In 2004, the previous owner of my house had a ground-source heat pump system installed.  Mile of pipe buried in the back yard, hooked up to two heat pumps, retrofit to the existing duct work, using the existing hot-water gas-fired baseboards as secondary heat for the heat pumps.

(Secondary heat is the additional heat source the system turns on if it looks like it’s taking too long for the heat pumps alone to bring the house up to temperature, or maintain temperature.)

In 2007 we bought the house thinking, neat, that’s the most efficient heating we can get.  Only after we lived with it for a while did we fully appreciate what a botched Frankenstein’s monster our heating system was.

This 1959 home was an energy use nightmare.  (Ah, bad dream, maybe.)  Rather than insulating the attic and ceiling spaces, or dealing with the huge air leaks, or the (believe-it-or-not) uninsulated walls, or the four big open fireplace chimneys, … the previous owner figured he’d just install his high-tech redneck heating system and be done with it.  And botched that install in several important ways, to boot.

For example, I ask you, what sane home buyer looks at a nice new high-end kitchen remodel, stone countertops, cherry cabinets, stainless high-end appliances and says, that’s a very nice kitchen, but, does that come with heating and cooling?

Because in my case, the answer was no.  They tore out the old hot-water baseboard heat and, to a very close approximation, replaced it with nothing.  Which, as the owner, you don’t really figure out until winter sets in, some time later.

What sort of person would do that, in their own kitchen remodel?  The same sort of person that did all the rest of the HVAC system.  Near as I can tell, absolutely no aspect of it was planned or executed well.  Let me omit the rest of the kvetching by saying that it has never worked well.  And the kitchen is always ass-freezing cold in the winter.  And that, upon closer inspection, that last problem seemed un-fixable.

So we let Frankenstein be.  And did a lot of baked goods in the winter.  Slow-cooker recipes.  And so forth.

FF to 2024.  The ground-source heat pump for the first floor is dead,and the one for the second floor is failing.  And I wasn’t shedding tear over its demise, given the miserable performance.

Until, that is, I found out it was going to cost me $50K to replace them.

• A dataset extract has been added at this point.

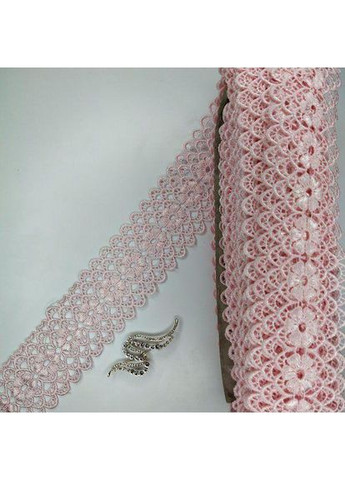 (1 метр) Мереживо макраме Sindtex 6,5 см колір - рожевий (08М-Y11560-7) Plus-plus (352746437)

But there’s nothing like a pending major expenditure to sharpen your focus, if not your wits.  For various reasons, my wife and I decided that it was stupid to spend $50K to repeat the previous owner’s mistakes with fresh equipment.  And that maybe, just maybe, for the first time since we moved in, we could actually have a warm kitchen.

Our solution was to ignore the dead ground-source heat pump, ignore the grossly under-sized duct work, the cobbled-up secondary heat, the @#@#$ wireless thermostat that worked sometimes.  Rather than try to work around the same problems that the last guy was unable to fix, we decided to start fresh with an air-source ductless mini-split that had nothing whatsoever to do with the existing Frankenstein of a system.

And that’s how we ended up here.

Post 2035: Oh for ducts’ sake!

 

This is a further installment in my two-dead-heat-pumps, gonna cost me $50K and up to fix it, saga.

Today’s punchline.  My 1959-vintage first-floor HVAC ducts are, objectively, way too small to work with a modern heat pump.  The main duct is roughly one-third the size (cross-sectional area) it needs to be.

We could put the best ground-source heat pump in the world at one end of those ducts, and the kitchen at the other end of the air duct would still freeze in the wintertime.

If feasible, we’re going to replace (one of) our dead ground-source heat pump(s) with a couple of ductless mini-split air-source heat pumps.  Just bypass the grossly undersized ducts entirely.

Sounds like a fundamentally stupid thing to do.  But not so, in this case.  I think.


Never make fun of the size of a mans ducts.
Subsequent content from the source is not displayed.